Play along with me, because I guarantee this is going someplace. I find solace and a certain amount of nostalgic tingling whenever I get the chance to take in a swap meet or salvage yard. I like to think in my head that I am the Indiana Jones of motorcycling on that particular day and no person on earth can stop me from acquiring the Crystal Skully, or at least the Yamaha DT tank that I really want for my latest project. If chopping up perfectly good stuff is wrong, then i don’t want to be right.
How many different bikes other than the original donor were cannibalized to make your current machine?
(a) None – 0 points
(b) 1 or 2 bikes – 10 points
(c) Between 3 and 5 – 20 points
(d) More than 5 bikes – 50 points
Your bike mostly……
(a) Collects dust in the garage – deduct 10 points, shame on you
(b) Angers you with the constant need for attention and fiddling – 10 points for it probably being Italian
(c) Leaks oil from a weeping turbo seal – 25 points
(d) Inexplicably and uncontrollably points its own frontend skyward on each ride – 100 points
Have you at any time in the last 12 months……

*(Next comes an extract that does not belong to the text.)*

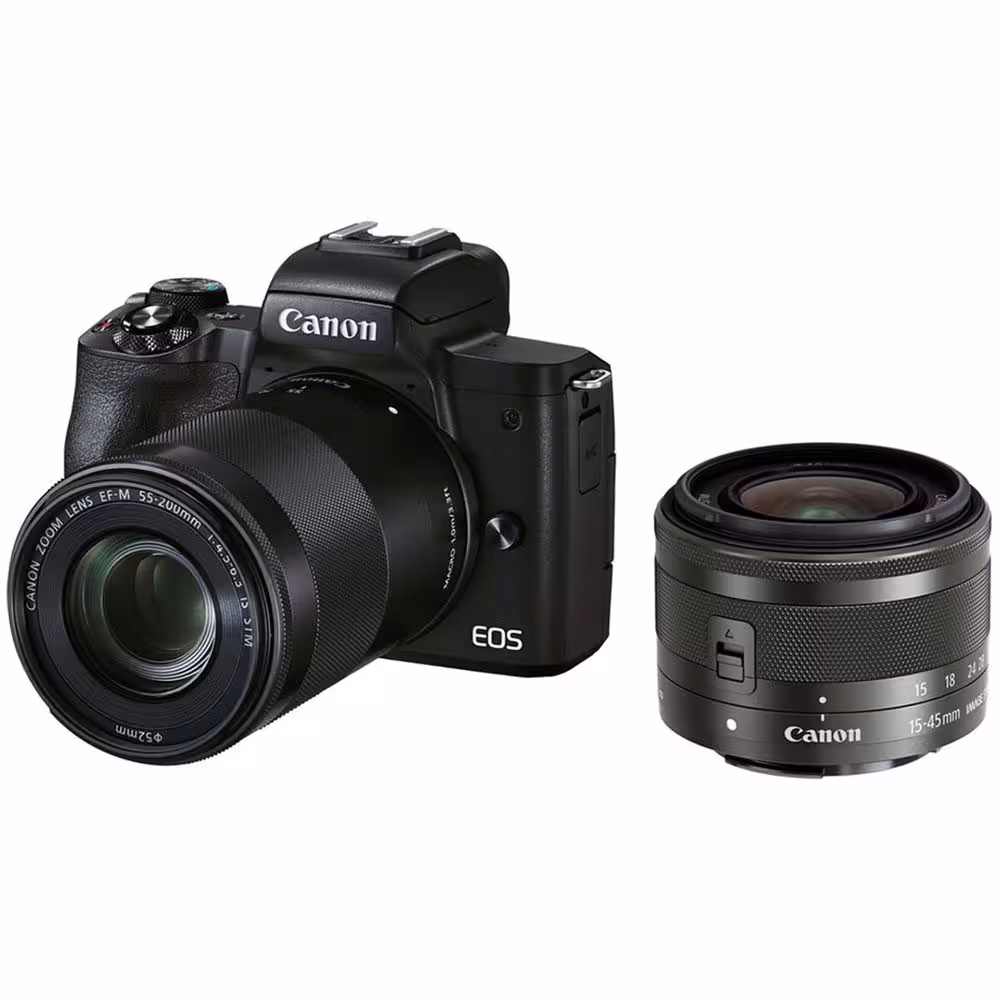 دوربین بدون آینه کانن Canon EOS M50 II 15-45mm and 55-200mm Lenses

(a) Picked a part from someone else’s trash for ‘fighter parts – 25 points
(b) Welded/brazed/screwed/glued a part to your bike – 50 points
(c) Finished your current build – deduct 50 points, ‘fighters are never done
(d) Made your own parts from scratch and thought “them chopper boys got nothing on me” – 100 points
Your bike of choice could best be described as?
(a) Sleek and sexy – 5 points
(b) “Different” – 10 points
(c) Weird and not of this planet – 20 points
(d) Eating unattended children – 3,000 points
(e) “Cute” – deduct all points earned and get the fuck out of here
If you made it this far without closing this column and you own a motorcycle I salute you and award you an A+ for effort. Except whoever picked “cute” on that last question. My clouded judgment of you still stands.